前回の「『週1ひとり鍋』で免疫をアップさせる!」で鍋が優れた料理であることはお分かりいただけたと思います。

 では、なぜ、鍋の中でも「ひとり鍋」に注目するのか。その理由を紹介します。

(1)鍋に求めるのは「団らん」よりも「自分の健康」

 単身者の増加や時間がない現代のライフスタイルで、家庭料理を食べる機会は減り、食事には時間やお金をかけられないのが現実です。一方で、社会のストレスや環境の変化、溜まっていく疲れ、将来の不安――― 漠然とした 健康ニーズは高まっています。

 こんな日常だから、どうせ家で食べるなら健康的なもの、せめて野菜を食べたい。単身だからこそ自分の健康を守るのは自分しかいないという危機感もあるのでしょう。

「体を温めて」「野菜食べて」健康になりたい。そんなとき、家族がそろわなくても、ひとりで好きなときに食べられるから楽。そんな時代の空気に寄り添っているのが「ひとり鍋」です。

〈データ〉「ひとり鍋」が生活に溶け込む背景―1人サイズの鍋つゆの商品開発が活発化

「ひとり鍋」がより食べやすく、生活に溶け込んでいく背景には、1人サイズの鍋つゆ市場の広がりがあります。

 従来、鍋のつゆ市場の主流は、容量750mlの3〜4人分向けの使い切りタイプでした。しかし、2010年以降、少子高齢化や単身世帯や夫婦共働きの増加などの背景から「従来のサイズは使い切れない」とユーザーの不満の声が挙がるようになり、1人前サイズが発売されました。

 味の素2012年8月に発売した「鍋キューブ」は、2015年度の売上げが初年度の3倍。それに続き、エバラ食品が2013年に発売したポーションタイプの鍋つゆ「プチッと鍋」シリーズも、発売初年度の売上げ9億円が2015年度は27億円と伸び続け、2016年度は35億円(いずれも出荷ベース。2015年以降はポーション調味料の売上げも含む)というヒット商品に。キッコーマンは2016年8月「キッコーマン Plus鍋」シリーズ、にんべんも、2016年9月「“だしが世界を旨くする”こだわり鍋シリーズ」3品を発売。ストレートタイプの鍋つゆではシェアトップのミツカンも、2015年に人気の「こなべっち」シリーズを1人前サイズで発売しました。

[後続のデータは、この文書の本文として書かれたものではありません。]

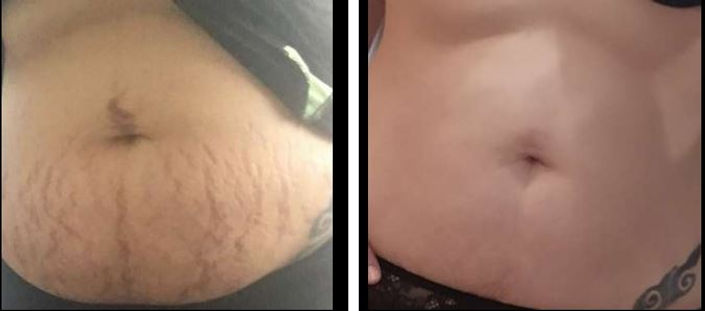 stretch marks.JPG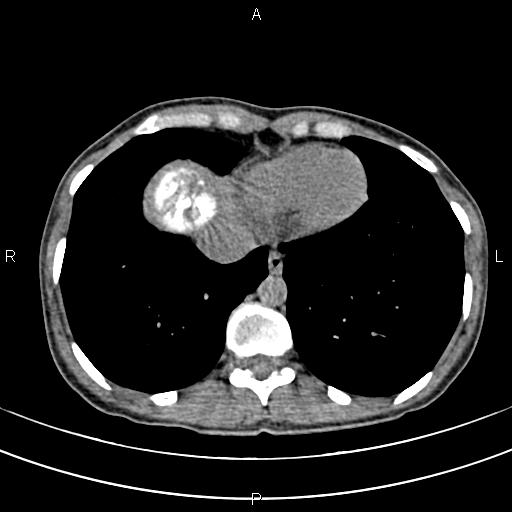 File:Calcified hepatic hydatid cyst (Radiopaedia 83870-99072 Axial non-contrast 10).jpg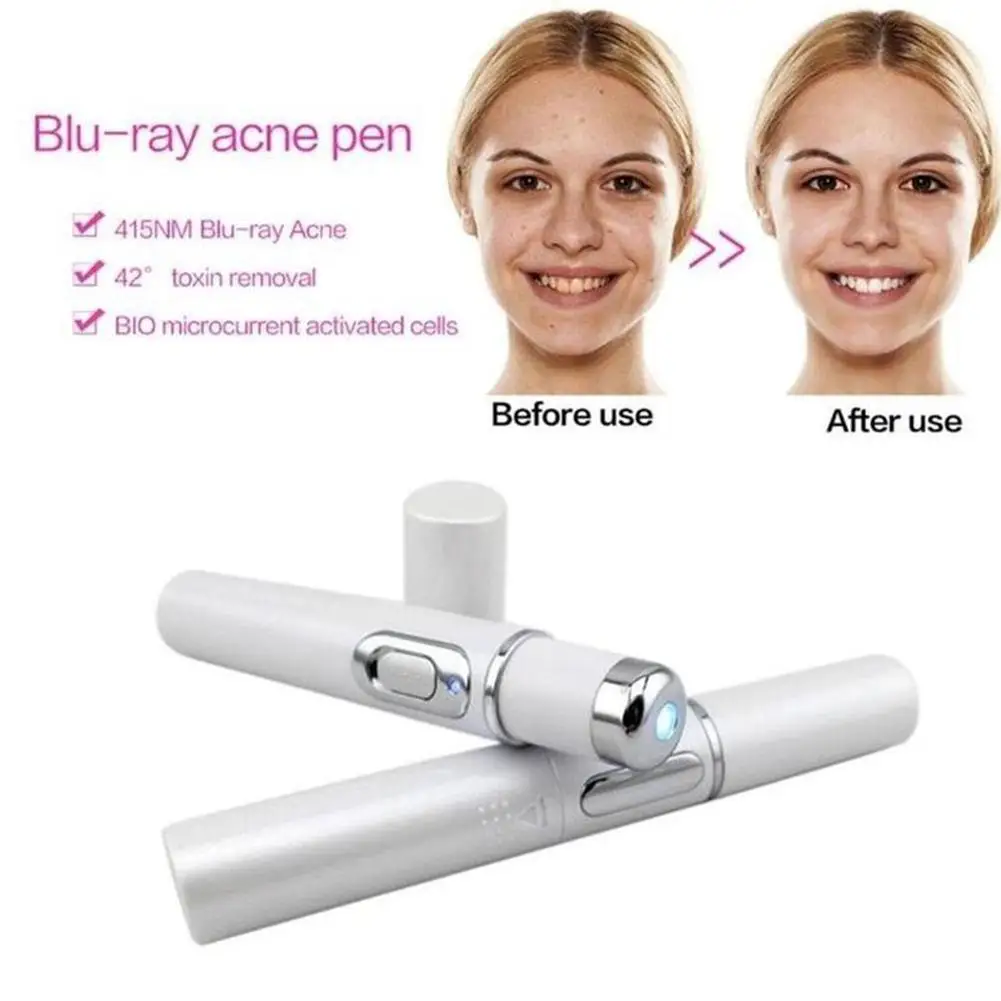 Blue Light Acne Removal Pen Eye Massager Eliminate Undereye Bags Fade Dark Circles Eye Massage Stick Face Beauty Tool Skin Care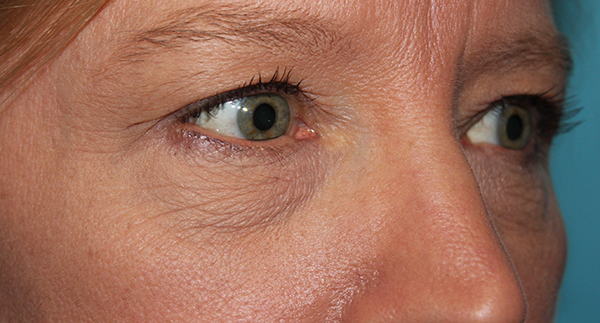 Eyelid Surgery Case 39498 Before Photo Eyelid Surgery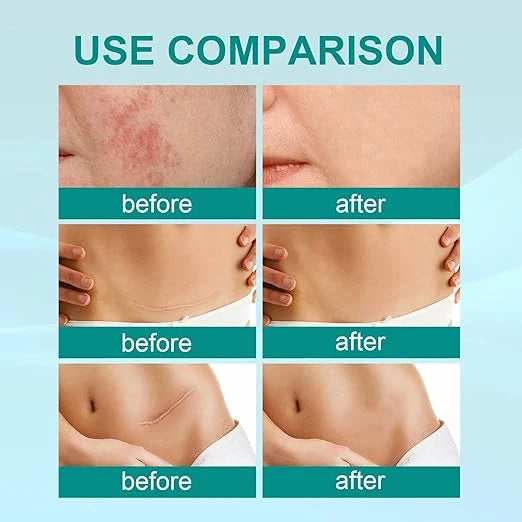 South Moon Scar Spray – Scar Care & Skin Repair Spray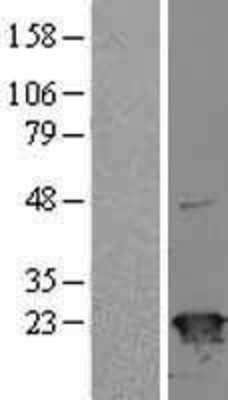 Western Blot: SR1 Overexpression Lysate (Adult Normal) [NBL1-16451] Left-Empty vector transfected control cell lysate (HEK293 cell lysate); Right -Over-expression Lysate for SR1.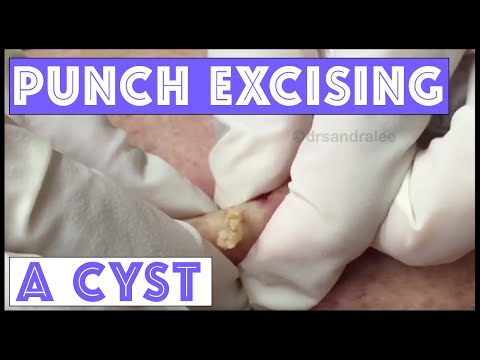 Punch excising an AWESOME cyst on the back!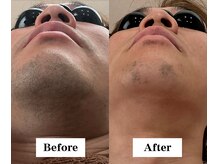 ワイイーサロン(Y/E SALON)/【30代男性　ヒゲ脱毛】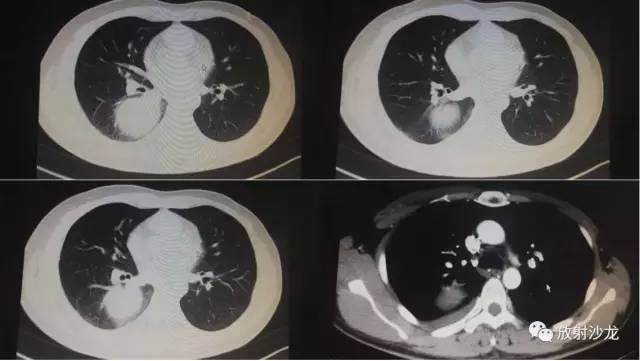 【病例】肺硬化性血管瘤1例CT影像讨论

 こうした背景もあり、「ひとり鍋」は生活に自然になじんでいるのです。

図表① 鍋料理を食べたくなるきっかけ

出典:2016年8月24-9月9日ネットリサーチDIMESDRIVEモニター4131SS

(2)「単身」「働き世代」の2割が「ひとり鍋」経験者

「家族鍋」はいまだに主流。鍋は家族や親しい人たちとの「団らん」、特別な「ハレの日メニュー」としても健在です。その一方で全体の2割は「ひとり鍋」も食べています。

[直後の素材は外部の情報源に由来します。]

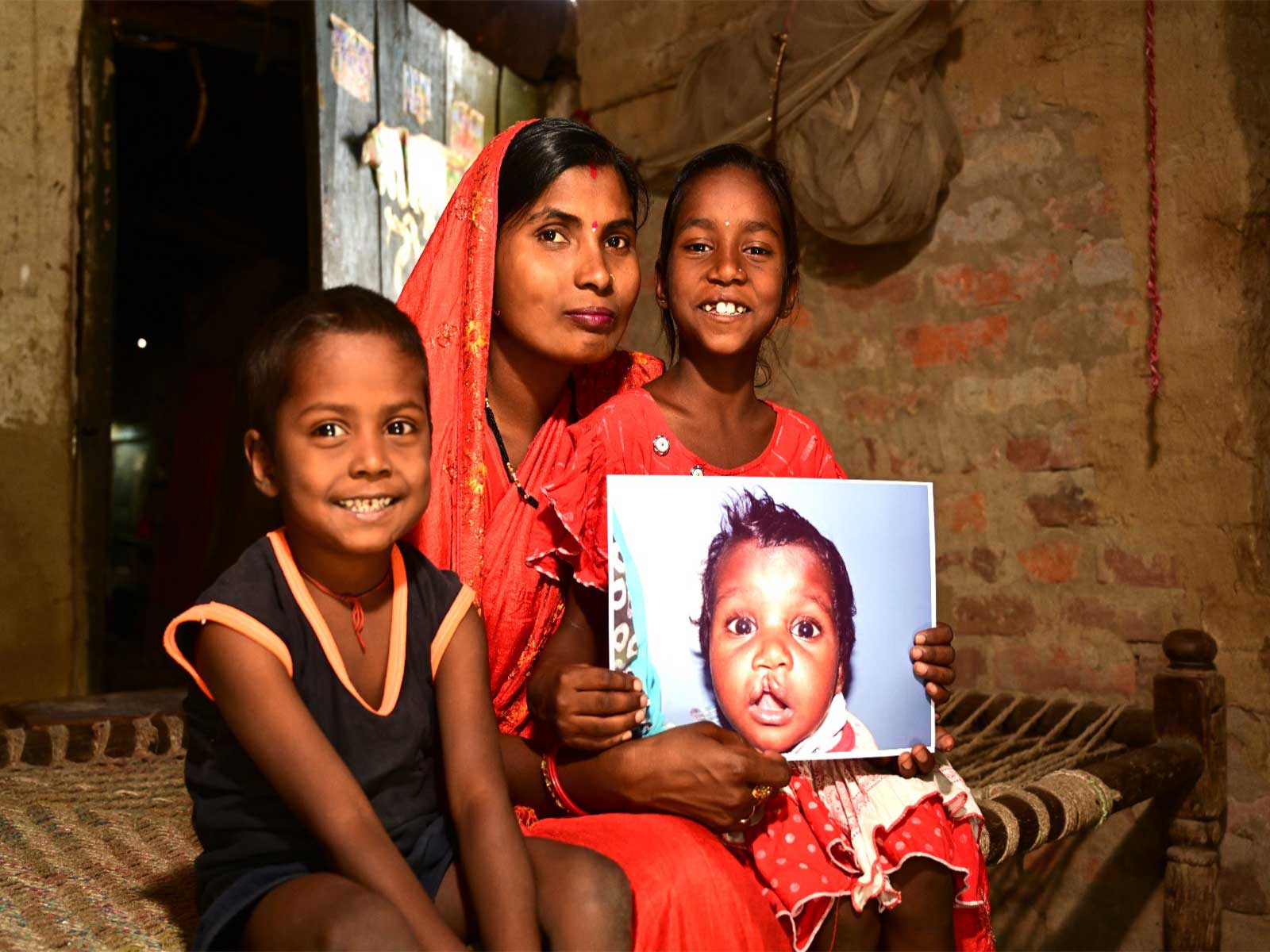 World Cleft Awareness Day, Smile Train India Marks 800,000+ Free Surgeries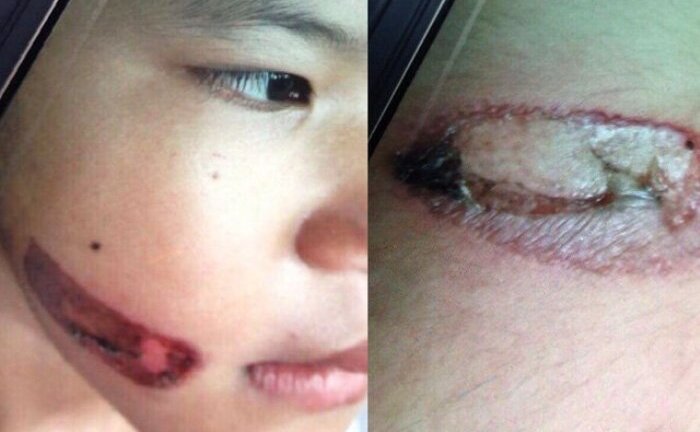 Những vụ bạo hành trẻ em rúng động dư luận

 鍋料理は、「家族と」以外のシーンで男性が高い傾向にあります。注目したいのは20~50代の「働き世代」中心に総じて2割が「ひとり鍋」の経験者であること。一方、女性は20代と70代以上が「ひとりで」鍋を食べる比率が多く、「ひとり鍋」が単身世帯の食卓に多く並んでいることが分かります。

図表② 鍋料理を誰と食べることが多いか

出典:2016年8月24-9月9日ネットリサーチDIMESDRIVEモニター4131SS

 この結果から、「ひとり鍋」では「単身」「働き世代」のキーワードが浮上します。この2つは現代のキーワードですから、ひとり鍋が今後、ますます増加が期待できるのは、確かでしょう。